* Problem requirements:
Images don't belong in the copy. Output the rest of the data exactly.

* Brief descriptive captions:

BEGIN

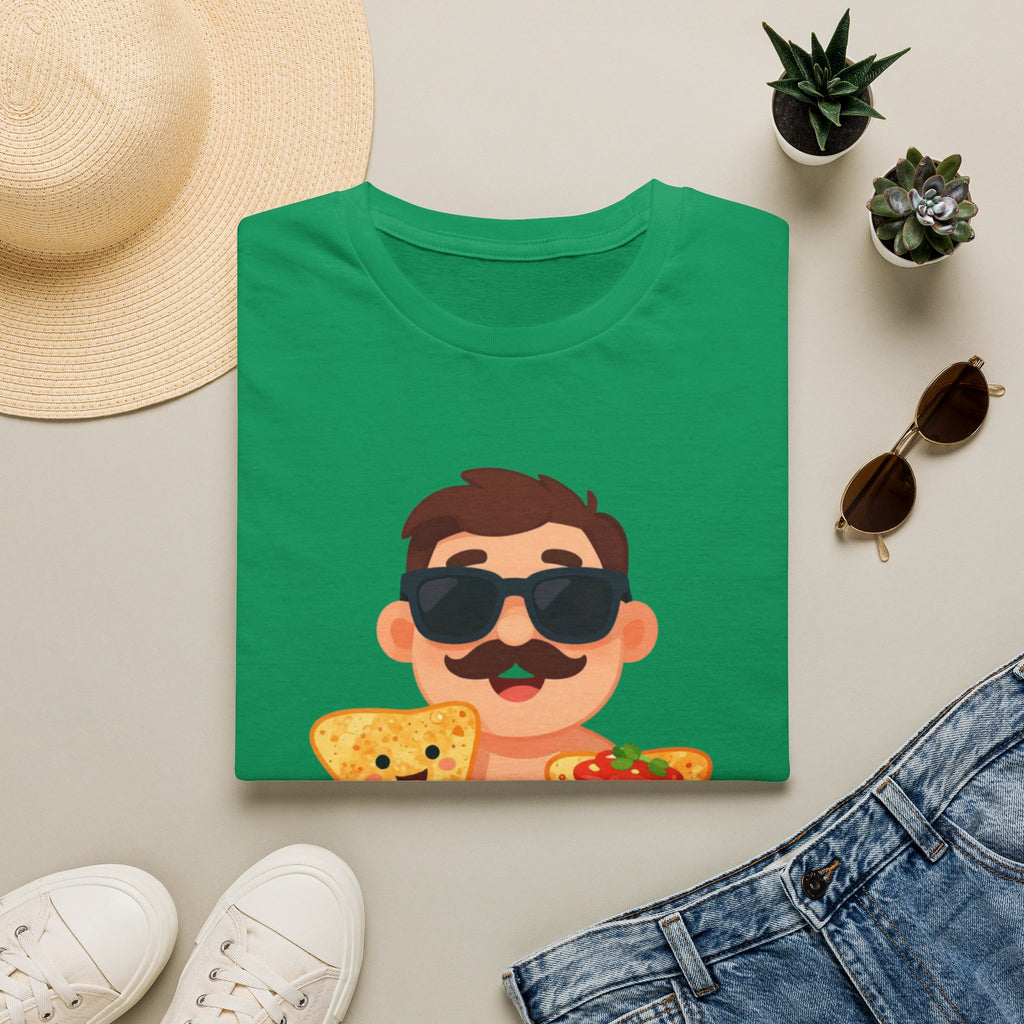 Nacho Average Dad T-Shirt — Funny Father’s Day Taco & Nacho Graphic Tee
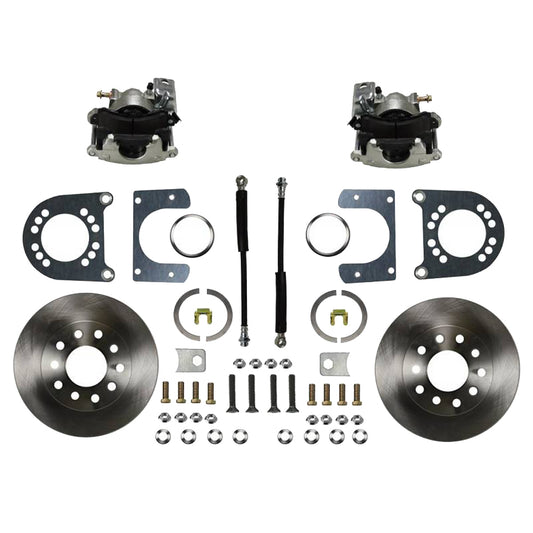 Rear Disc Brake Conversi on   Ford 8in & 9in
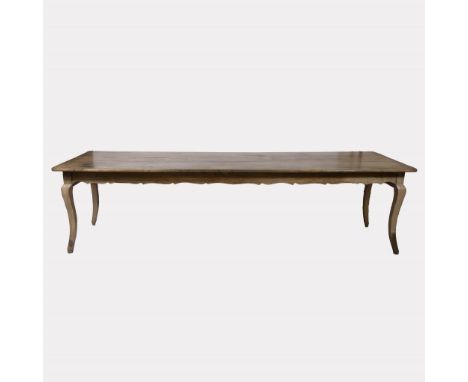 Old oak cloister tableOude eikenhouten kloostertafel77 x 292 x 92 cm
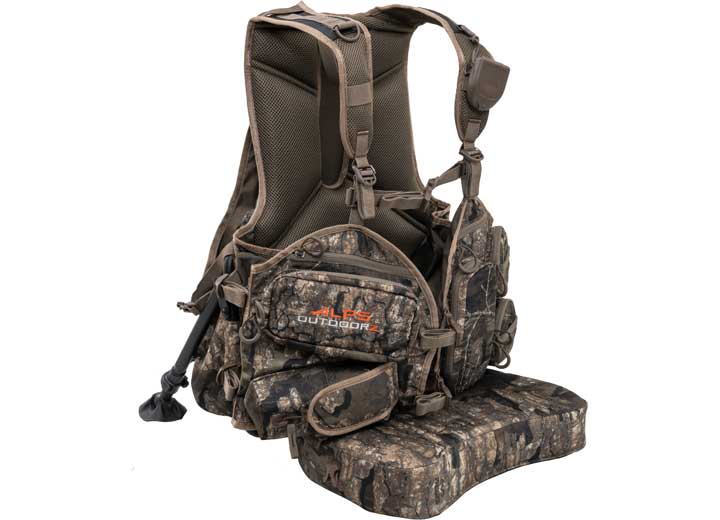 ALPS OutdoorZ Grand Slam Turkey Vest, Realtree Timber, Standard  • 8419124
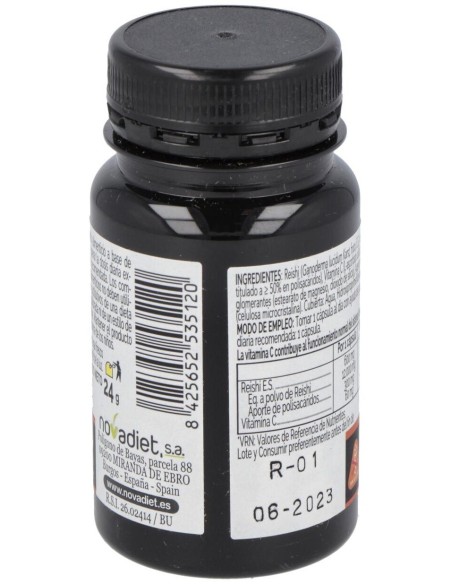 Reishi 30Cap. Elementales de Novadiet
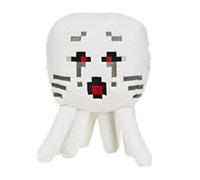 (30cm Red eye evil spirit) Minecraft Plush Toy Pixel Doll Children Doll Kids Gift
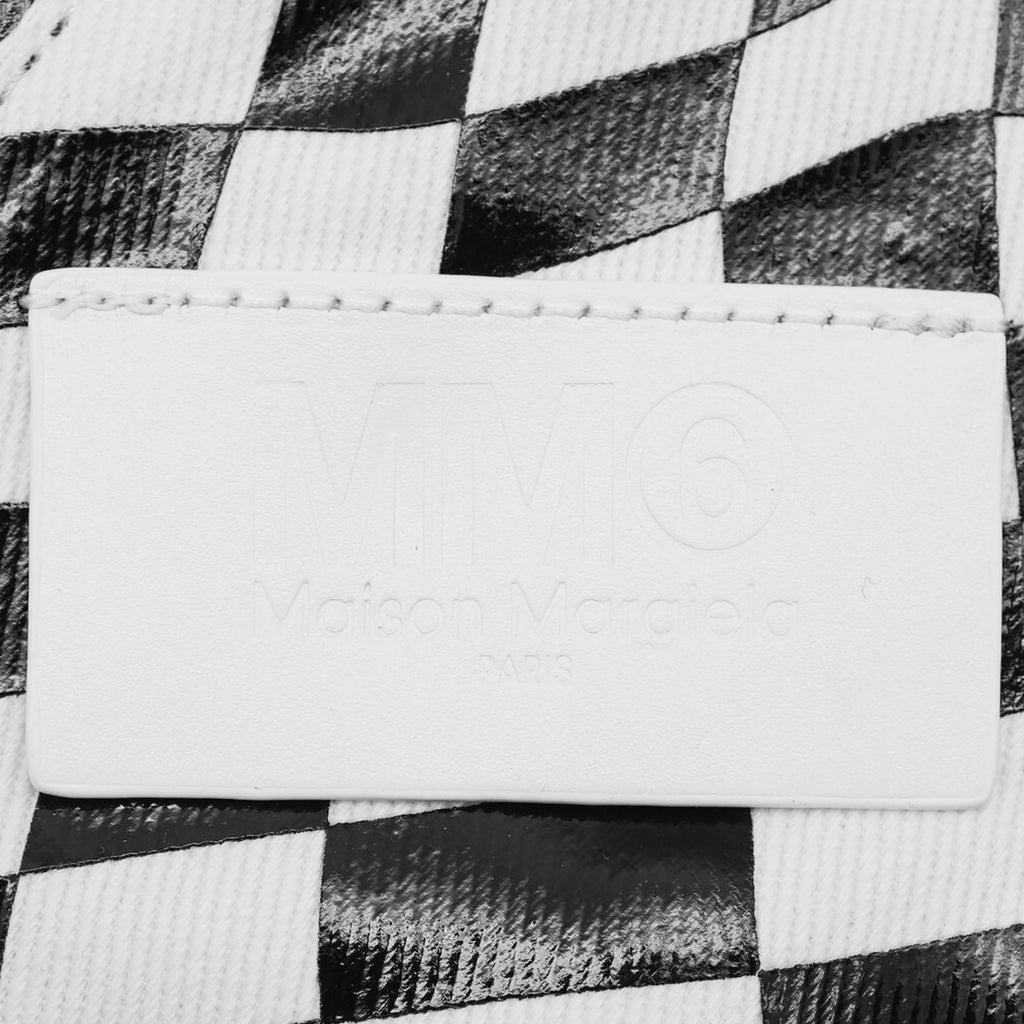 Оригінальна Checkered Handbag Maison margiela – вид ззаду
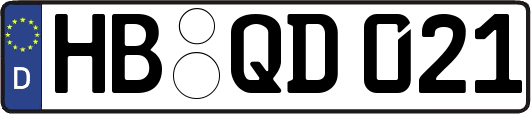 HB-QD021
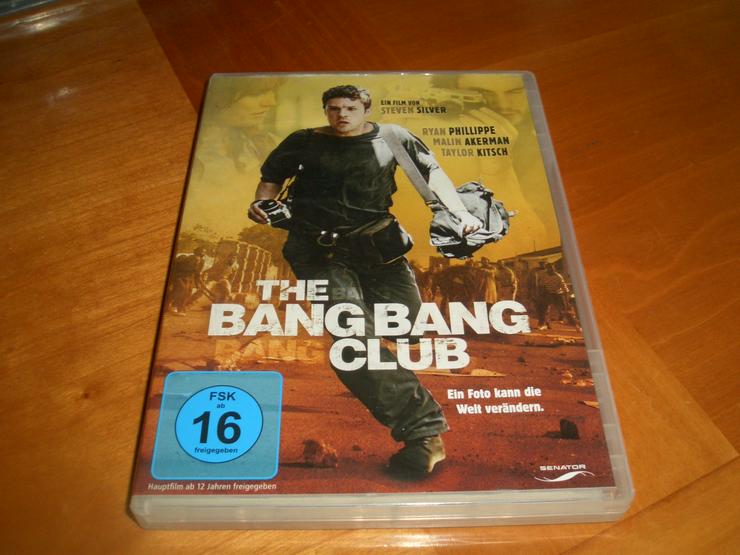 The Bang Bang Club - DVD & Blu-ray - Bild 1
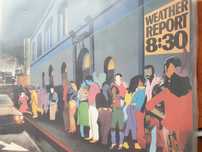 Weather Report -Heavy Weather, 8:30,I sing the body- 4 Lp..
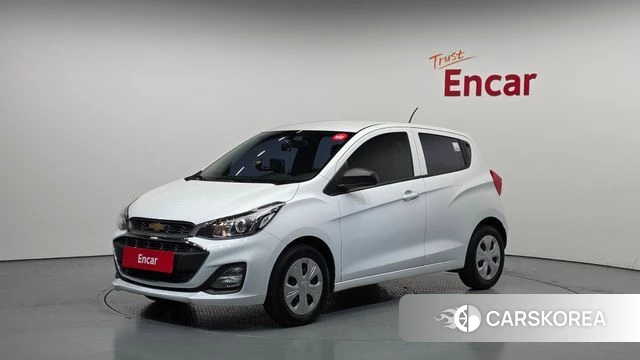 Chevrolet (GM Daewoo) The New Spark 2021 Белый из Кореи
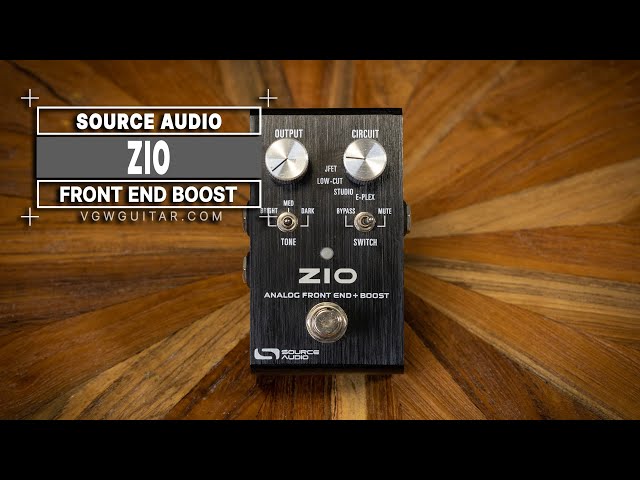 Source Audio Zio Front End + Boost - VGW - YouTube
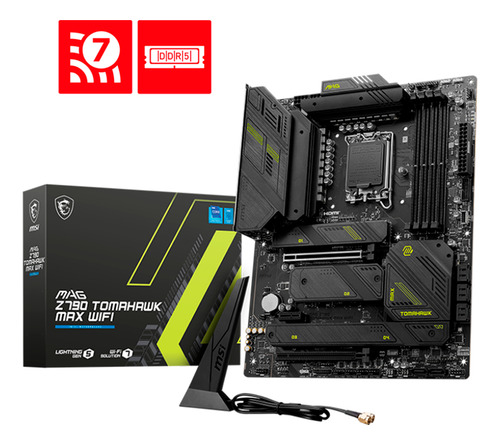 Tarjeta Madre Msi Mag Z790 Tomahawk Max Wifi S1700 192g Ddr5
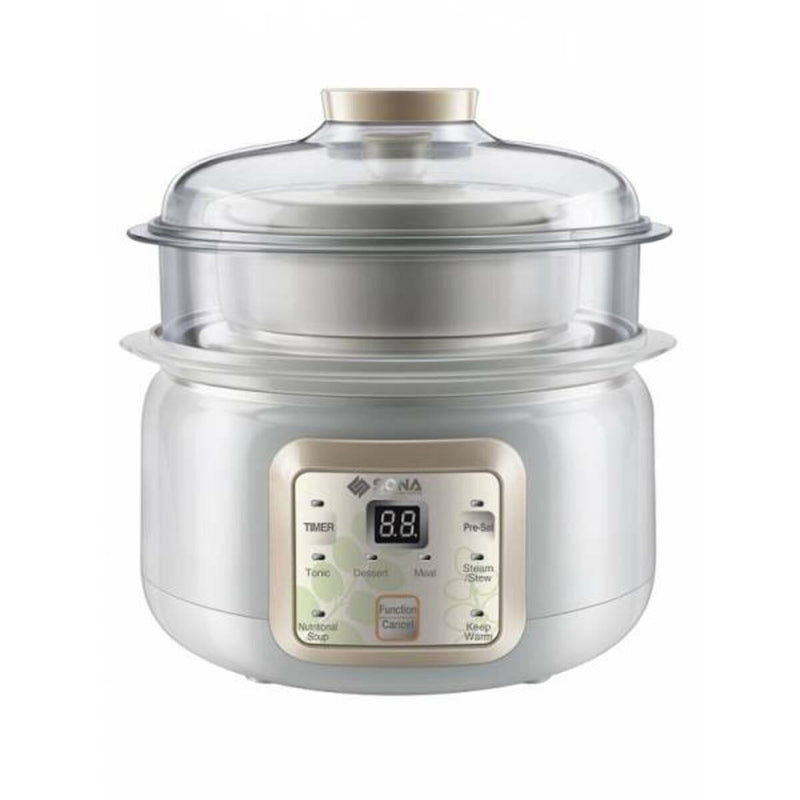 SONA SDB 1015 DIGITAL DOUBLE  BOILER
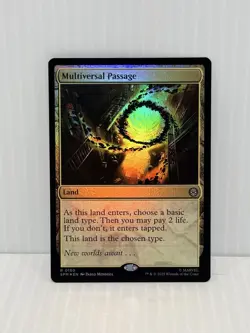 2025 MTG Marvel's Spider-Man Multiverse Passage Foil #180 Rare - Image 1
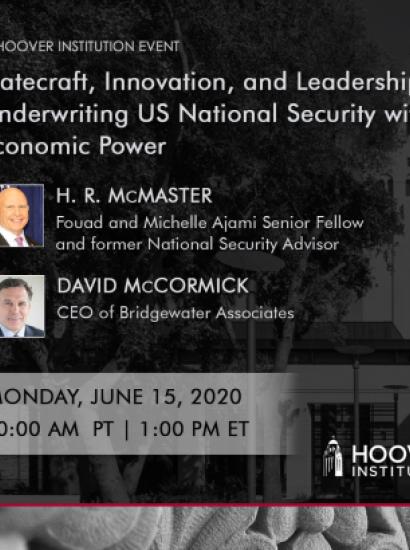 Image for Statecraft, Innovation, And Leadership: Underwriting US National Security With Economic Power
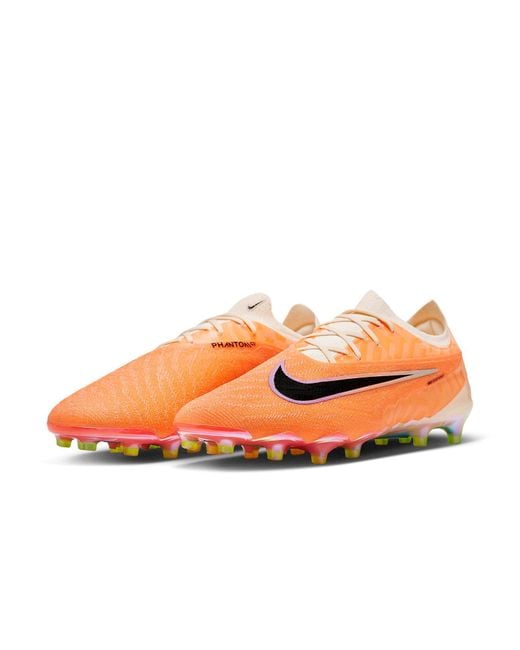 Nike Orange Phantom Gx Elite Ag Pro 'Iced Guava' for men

END

* Completed exercise:
 Nacho Average Dad T-Shirt — Funny Father’s Day Taco & Nacho Graphic Tee
 Rear Disc Brake Conversi on   Ford 8in & 9in
 Old oak cloister tableOude eikenhouten kloostertafel77 x 292 x 92 cm
 ALPS OutdoorZ Grand Slam Turkey Vest, Realtree Timber, Standard  • 8419124
 Reishi 30Cap. Elementales de Novadiet
 (30cm Red eye evil spirit) Minecraft Plush Toy Pixel Doll Children Doll Kids Gift
 Оригінальна Checkered Handbag Maison margiela – вид ззаду
 HB-QD021
 The Bang Bang Club - DVD & Blu-ray - Bild 1
 Weather Report -Heavy Weather, 8:30,I sing the body- 4 Lp..
 Chevrolet (GM Daewoo) The New Spark 2021 Белый из Кореи
 Source Audio Zio Front End + Boost - VGW - YouTube
 Tarjeta Madre Msi Mag Z790 Tomahawk Max Wifi S1700 192g Ddr5
 SONA SDB 1015 DIGITAL DOUBLE  BOILER
 2025 MTG Marvel's Spider-Man Multiverse Passage Foil #180 Rare - Image 1
 Image for Statecraft, Innovation, And Leadership: Underwriting US National Security With Economic Power
 Nike Orange Phantom Gx Elite Ag Pro 'Iced Guava' for men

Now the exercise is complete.